Por isso e por não querer viver naquele mundo de lirismo, vim para o Brasil
colocar o pobre na cadeia e o rico em liberdade. Colocar
o inocente na prisão e o culpado do lado de fora das grades, desde que tivesse
dinheiro, me pagasse muito bem e adiantado.
Aprendi
na Europa que o homem vale pelo que tem e possui. Nesse lugar, naquela época,
havia um ditado: “o hábito faz o monge”, dessa forma, o homem é aquilo que
veste. Costumava-se dizer que a primeira impressão é a que fica.
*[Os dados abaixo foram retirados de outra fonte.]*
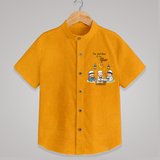 I'm Just Here For The Iftar - Ramadan Themed Customized Shirt For Kids With Name - CHROME YELLOW - 0 - 6 Months Old (Chest 23")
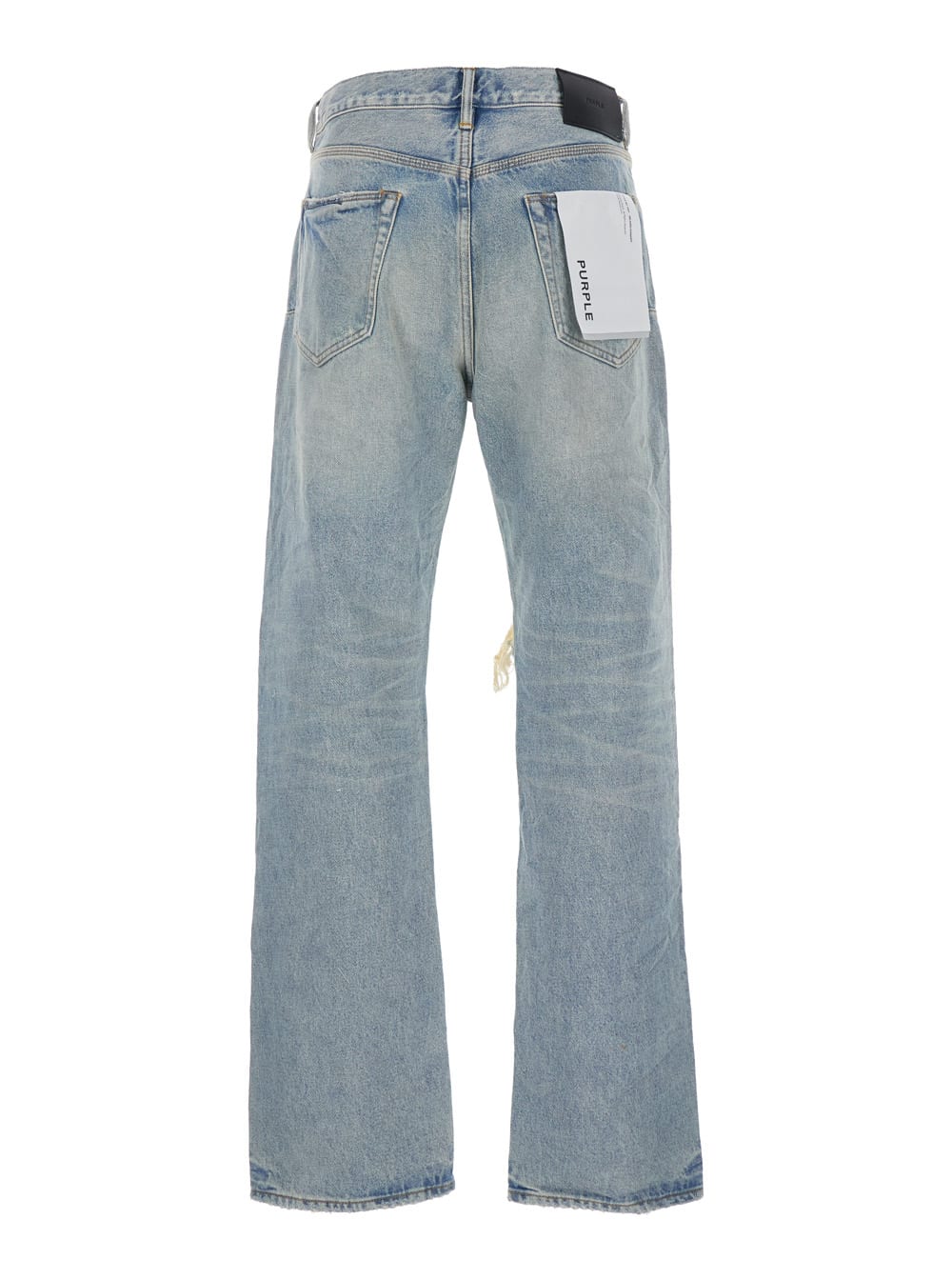 Purple Brand Light Blue Jeans With Logo Patch On The Rear And Maxi Ripping On The Front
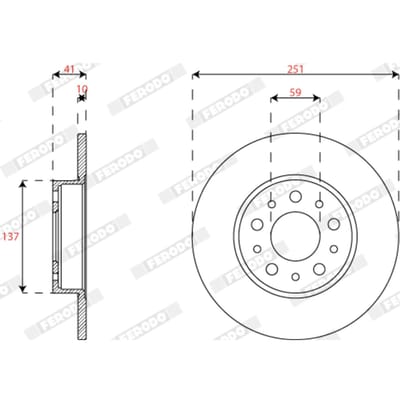 Remschijf FERODO DDF2777C achter, compleet, 2 stuk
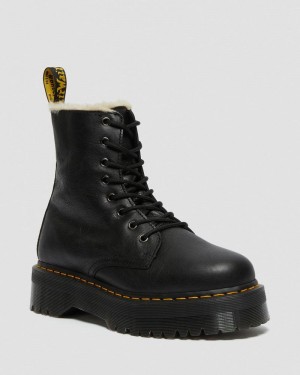 Botas de Plataforma Dr Martens Jadon Boot Cuero Faux Fur Forro Platforms (Pisa) Negras | NP65-H6VV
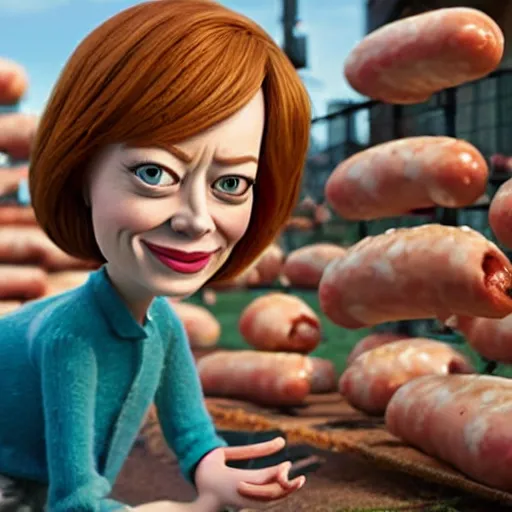 Image similar to hyperrealistic emma stone caricature surrounded by big fat frankfurter sausages by bob byerley and aardman animation, mascot, target reticles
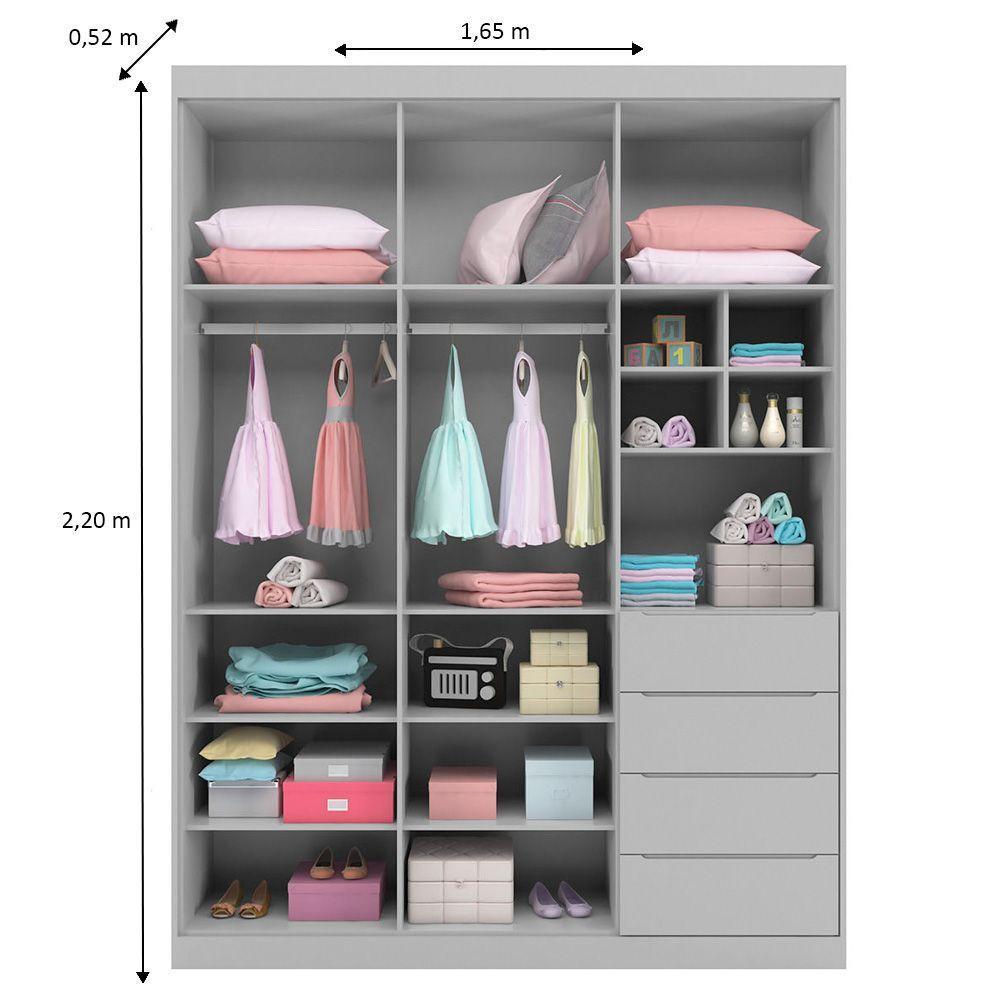 Guarda Roupa Infantil 3 Portas 4 Gavetas Lua P04 Cinza - Mpozenato - 3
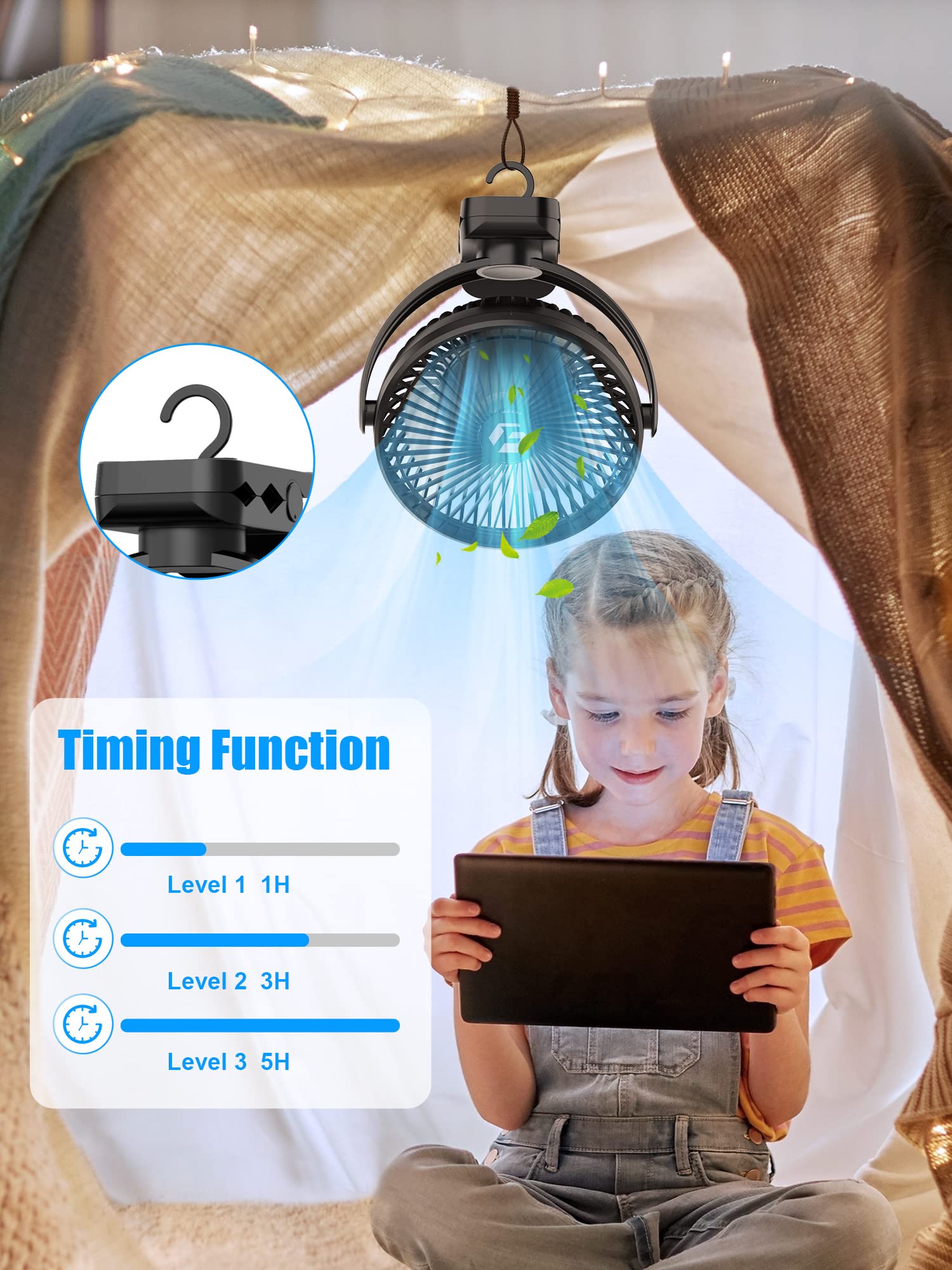 FRIZCOL 12000mAh 8 Inch Portable Clip On Fan Rechargeable, Battery Operated Desk Fan, Camping Fans with lights and Remote, USB Fans Sturdy Clamp for Golf Cart Desk Office Stroller Bedroom Tent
A elegância é
primordial.
Vivi
com muitos deles nessa época, contudo, o que lhes disse, repito a ti: não eram
tantos meus amigos, tinham uma cadeira e eu, outra. Convivi mais com os que
vieram para aqui ou que já estavam. Com os de lá, curto foi o tempo de
convívio. Tão logo me formei, fui-me embora exercer minha carreira.
Dessas
amizades de Portugal e Brasil, posso falar, contudo me restrinjo a dizer que
vivi numa época contemporânea a pessoas nas quais me atenho a poucos nomes como
Eça de Queiroz, Gonçalves Dias, José de Alencar, Maximiliano. Falsos e
demagogos. Não gosto de Alencar; era a favor de uma pseudo-libertação dos
escravos de forma gradativa, que merda é essa?! Diziam que Machado era um negro
embranquecido, hipócrita; só escrevia para a burguesia, exatamente assim.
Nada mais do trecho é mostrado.